As the chimpanzee munched, I was looking down at my shoe and testing to see what maneuverability I did have with my foot. I curled my toes one way as far as I could and then flexed them the other way, but never reached quite the same flexibility as my genetic cousin. Giving up, I looked back at the chimp. He'd beaten me to it.
As soon as I picked my head up I realized I had become the exhibit. The chimp was staring straight at me – no, straight at my right foot. He then started curling his toes in the same way I had just failed to. But he wasn't reaching for anything, just repeating the motion and looking straight at my foot. It was almost like … like he was showing me. He then made some chimp noises at me, looked directly into my eyes, and pointed straight at his foot not once but twice. He was showing me.
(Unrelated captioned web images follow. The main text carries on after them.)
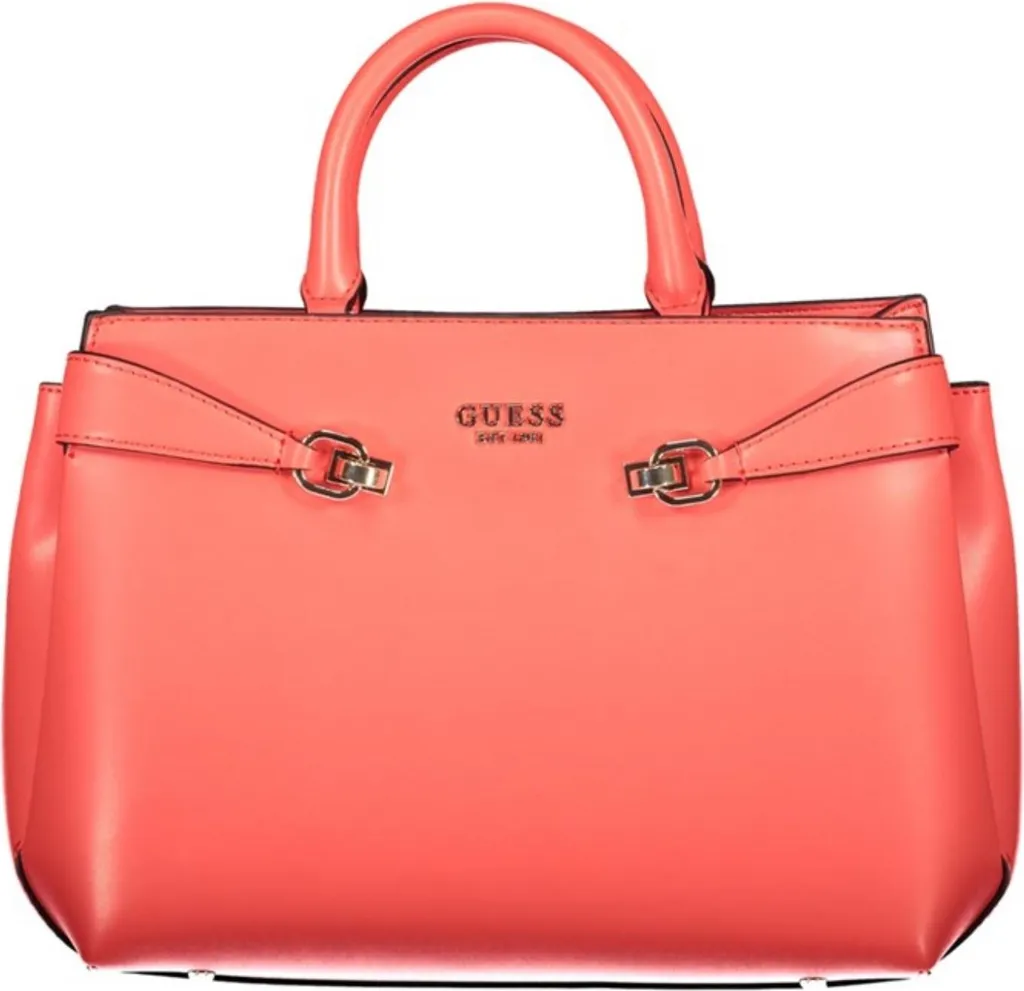 Sac de Ville Guess Lorelei Rouge - Idéal pour le Travail et Sorties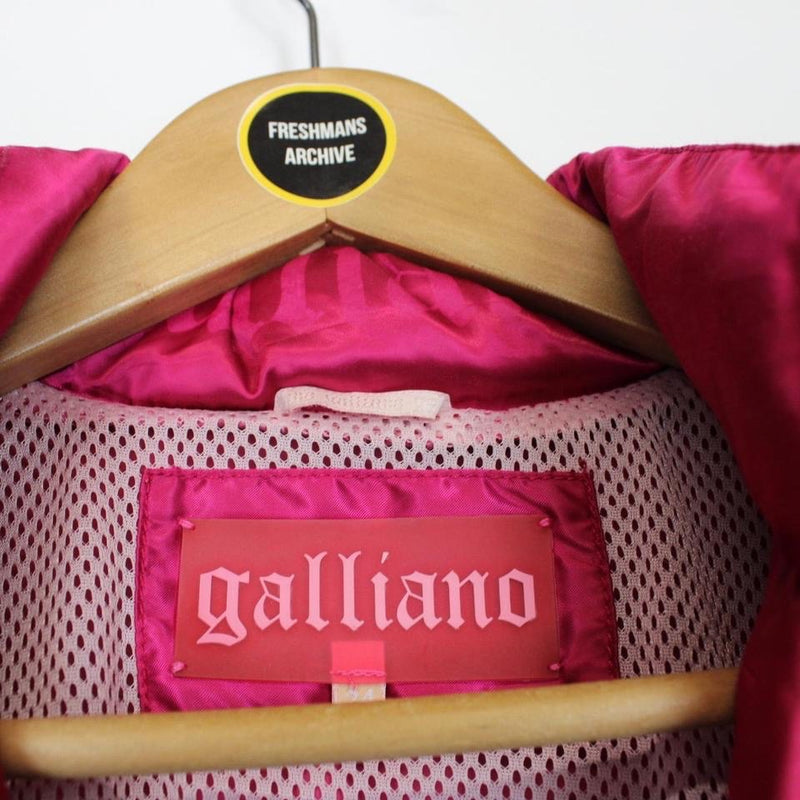 John Galliano Jacket Small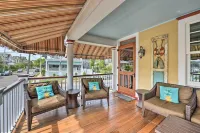 Striking Cape May Getaway, Steps from the Beach! - spa
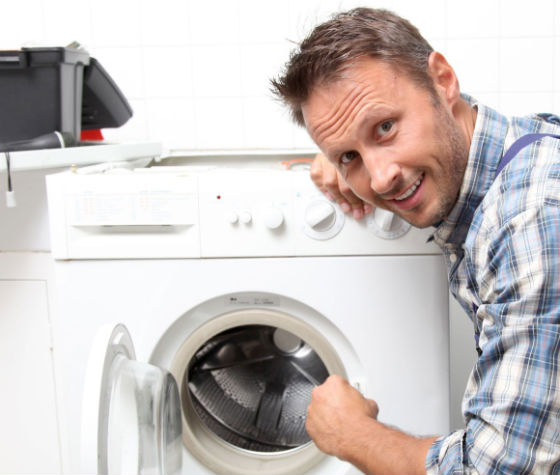 Ремонт стиральных машин с бесплатной диагностикой | Вызов стирального мастера на дом в Троицке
First I was disturbed. A chimpanzee at a zoo was interacting with me – no, reacting to me. I wasn't sure chimpanzees were supposed to be capable of this level of communication. Even more unsettling was that under my shoe nobody could tell I had just been trying to pull off the chimpanzee flexible foot stunt. The chimp certainly didn't see me trying to mimic him; he seemed to literally have read my mind. After processing this I was fairly disturbed. There's no better way to put it than I was scared.
I wondered if I was dreaming when a sensation like I'd never felt or heard described ran from nerves in my brain down my spine and through the back of my right leg, finishing at the arch of my right foot. I wouldn't call it pain, but it was close enough to confirm that I was not in a dream. After having had the most intense feeling of my life, I expected to feel more below my ankle. Instead I just became more aware of all the bones in my foot.
A lot happened in the next few seconds. First I felt the marrow in my bone become warm. In the latter half of that second, the same warmth spread to the rest of my bones and my actual marrow's temperature was flaming. By about the end of the next second my entire foot was searing with heat and I could feel an enormous pressure as if every joint and bone in my foot was being pulled apart, stretched, and flattened at once. Between the heat and pressure, I was sure my bones from my ankle down were undergoing a change and melting to liquid.
Somewhere in the midst of one or two seconds passing, I had opened my mouth to tell the whole world my agony but found I had no breath or energy for any conscious bodily function. I was just a fraction of mental sanity away from full-blown comatose, unaware of anything but the hell that had been unleashed in my foot. This I would call pain.
The entire event took barely five seconds but felt like an eternity. I was on the ground in a pool of sweat in front of the chimpanzees. My foot continued to pulse with pain and felt constricted. I limped with difficulty, focusing on each breath and willing myself not to pass out. I reached the closest restroom and locked myself inside a stall.
When I tore off my shoes and socks I only found a moment's relief. My foot no longer felt excruciating pain. As a matter of fact my foot didn't feel anything. My foot was gone. And in place of it, connected to my ankle in bone and flesh, was a hairy black foot with an opposable big toe.